Beyond Prison: How Restorative Justice can heal the harm of online hate

Published: Thursday, September 11th, 2025


This is a blog by Why me? Volunteer, Faye Sellers.

 

Last summer’s riots showed just how fragile Britain’s social fabric has become. In the wake of the Southport child murders, false rumours spread online, blaming asylum seekers. Within hours, hotels were attacked, streets filled with anger, and communities were left reeling.

Into this chaos stepped Lucy Connolly, a childminder and councillor’s wife, who tweeted that migrants should face “mass deportation” and even suggested arson against hotels. Her post went viral, fuelling the tension. Days later she was arrested, prosecuted for inciting racial hatred, and sentenced to 31 months in prison. For some, her sentence was justice. Others argued that Britain now has a “two-tier justice system” where some voices are punished harshly, while others’ inflammatory speech slips through the cracks. But there’s a bigger question we should be asking – does locking people up for a tweet actually solve anything?

Prison promises deterrence, punishment, and removal from society. In Connolly’s case, it made a clear statement that online incitement won’t be tolerated.

But beyond symbolism, does it work?

Connolly was grieving the loss of her own child and lashed out online, fuelled by anger and misinformation. Jail doesn’t fix grief or false beliefs. Her supporters quickly reframed her as a political prisoner, raising money and stoking division. And the asylum-seeker communities who were the ones most harmed by her words, were never really part of the process.
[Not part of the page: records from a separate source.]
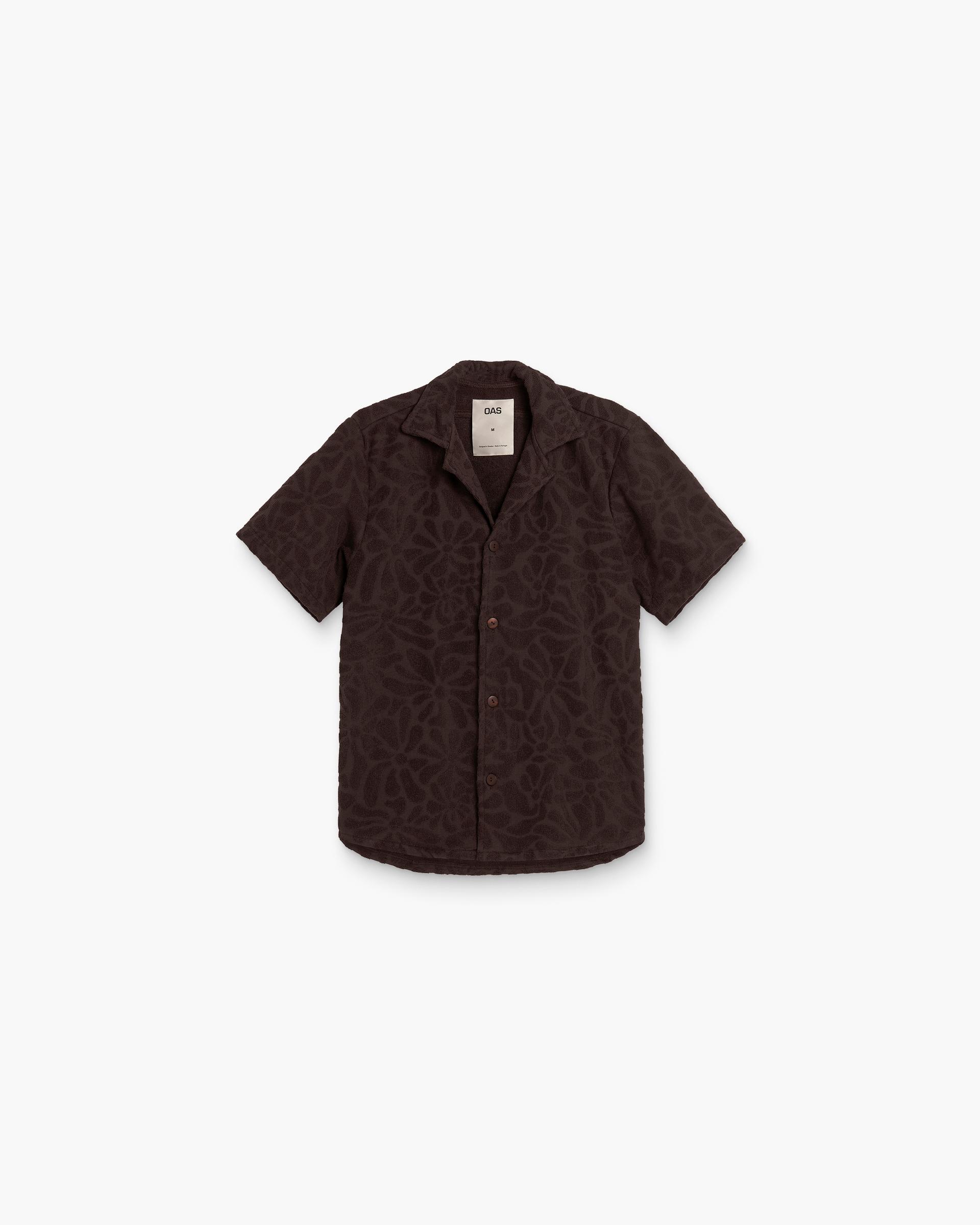 Blossom Cuba Terry Shirt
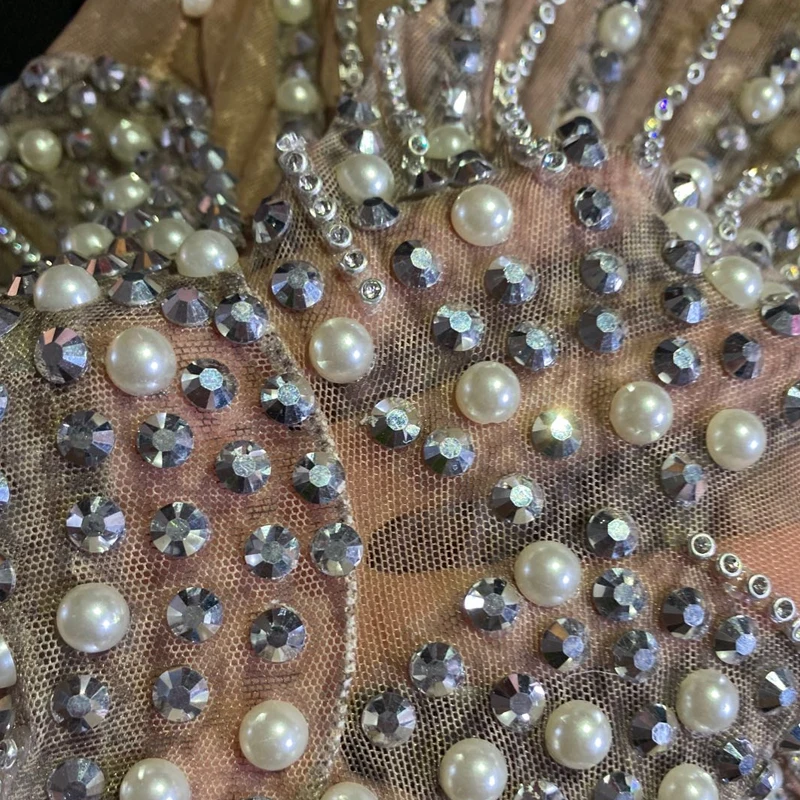 Big Real Fox Fur Collar 2020 New Winter Women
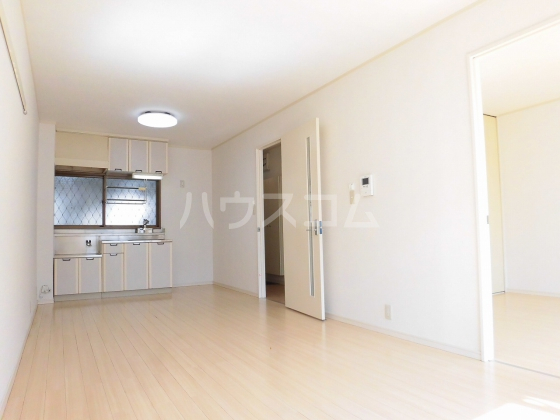 3/17 リビング/ダイニング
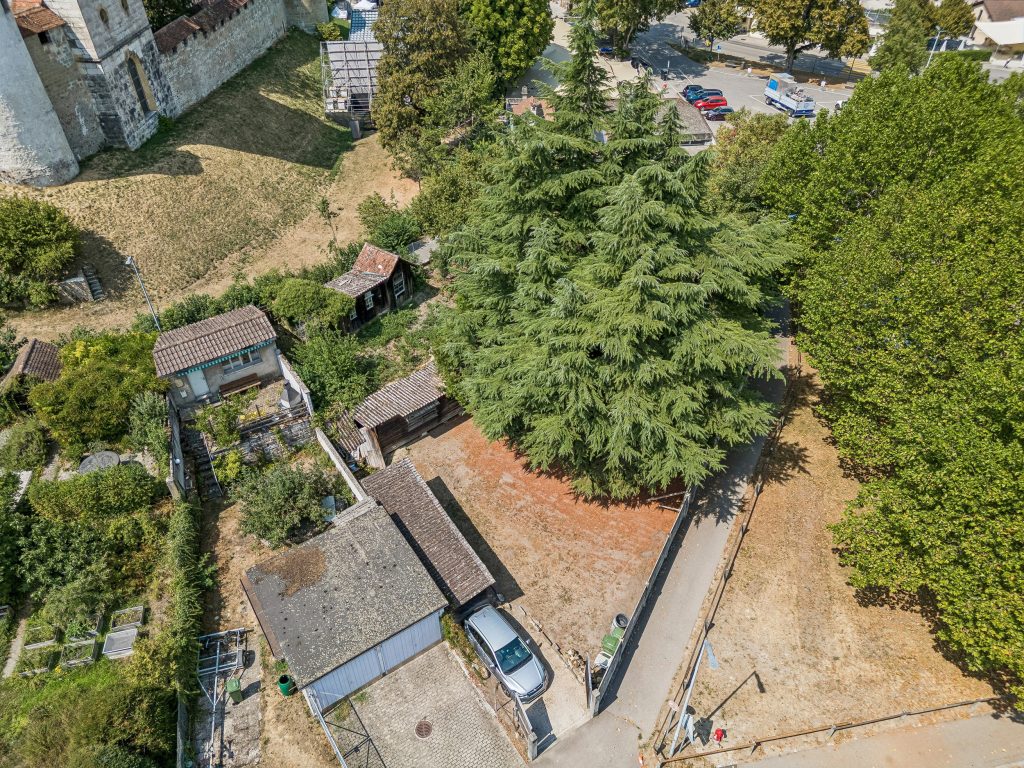 Mehrfamilienhaus in Murten FR | IMMOSEEKER.CH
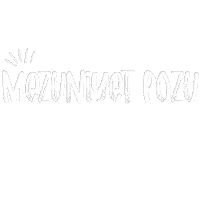 Mnks Mezuniyet Sticker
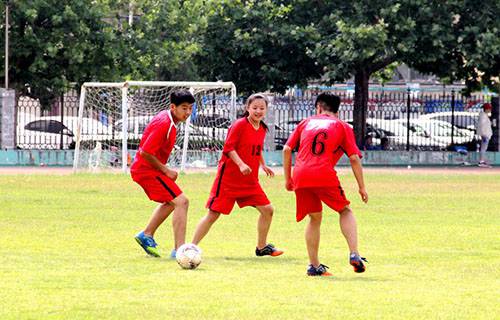 濱州市博翱職業(yè)中等專業(yè)學(xué)校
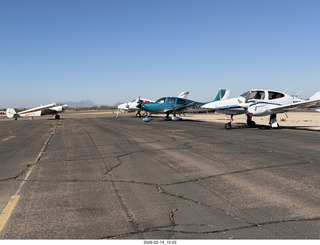 Buckeye Air Fair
Their fear was acknowledged in court, but not addressed. Prison punishes, but it doesn’t repair the harm.

Restorative Justice offers a different path. Instead of asking what law was broken, it asks who was harmed, what they need, and how the harm can be repaired.

Imagine if Connolly had been required to sit down with asylum-seeker representatives and hear how her words intensified fear during the riots. Imagine her making a genuine, facilitated apology, or contributing to refugee support groups and anti-hate initiatives. Wouldn’t that have had a bigger impact for all parties involved, including on those who supported Connolly?

It’s not “soft justice.” It’s harder. It forces perpetrators to confront the human cost of their actions, not just count the days in a cell. Where prison isolates, Restorative Justice connects victim to perpetrator, promoting harm and repair.

The unrest of 2024 wasn’t just about one woman’s tweet. It was about what happens when rumours spread unchecked, when communities lack dialogue, and when fear fills the silence. Prison can remove offenders from the scene, but it won’t stop the next wave of misinformation or division. What might help are community forums where rumours are confronted before they ignite, digital restorative schemes to deal with online abuse quickly and directly, and education-based outcomes requiring perpetrators to counter the misinformation they once spread.

The Connolly case is a turning point. Yes, prison punished her but it also deepened divides, left victims sidelined, and fuelled claims of bias. Restorative Justice offers a way forward. It delivers accountability without martyrdom, repair without bias, and dialogue where silence currently festers. If last summer taught us anything, it’s that we can’t jail our way out of division. What we need is justice that doesn’t just punish, but justice that heals.